Count output in C

Question

My program input is 6 and output is 6! = 6 x 5 x 4 x 3 x 2 x 1 = 720. So i want to count all characters in output including 'x' and space characters. And after that i want to print * as output character number above the output. This is code i used for factorial but i couldn't find how to count characters.

#include <stdio.h>

void fact_calc ( int n );

int main (void)
{
    int number;

    scanf ("%d", &number);
    printf ("%d! = %d x", number, number);
    fact_calc ( number );
}

void fact_calc ( int n )
{
    static long long int total = 1;

    if ( n != 2 && n >= 2 )
    {
        printf (" %d x", n - 1);
        total *= n;
        fact_calc ( n - 1 );
    }
    else
    {
        total *= 2;
        printf (" %d = %lld", n - 1, total);
    }
}

Answer 1

You can add an int count that you increase with every character you add to your output, or you can output it to a file, and count that file size using getline().

Answer 2

the function: printf() returns the number of characters displayed, so you could simply keep track of the sum of those returned values

Answer 3

printf returns the number of character it printed. So you could sum all the return values of printf calls to get the total.

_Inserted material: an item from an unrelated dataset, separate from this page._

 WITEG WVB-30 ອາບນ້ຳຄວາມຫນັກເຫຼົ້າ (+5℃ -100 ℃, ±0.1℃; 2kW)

Here's your code modified:

#include <stdio.h>

void fact_calc ( int n, int *count );

int main (void)
{
    int number;
    int count = 0;

    scanf ("%d", &number);
    int t = printf ("%d! = %d x", number, number);
    if (t > 0) count += t;
    fact_calc ( number, &count );
    printf("\nTotal chars printed: %d\n", count);
}

void fact_calc ( int n, int *count )
{
    static long long int total = 1;

    if ( n != 2 && n >= 2 )
    {
        int t = printf (" %d x", n - 1);
        if (t > 0) *count += t;
        total *= n;
        fact_calc ( n - 1, count );
    }
    else
    {
        total *= 2;
        int t = printf (" %d = %lld", n - 1, total);
        if (t > 0) *count += t;
    }
}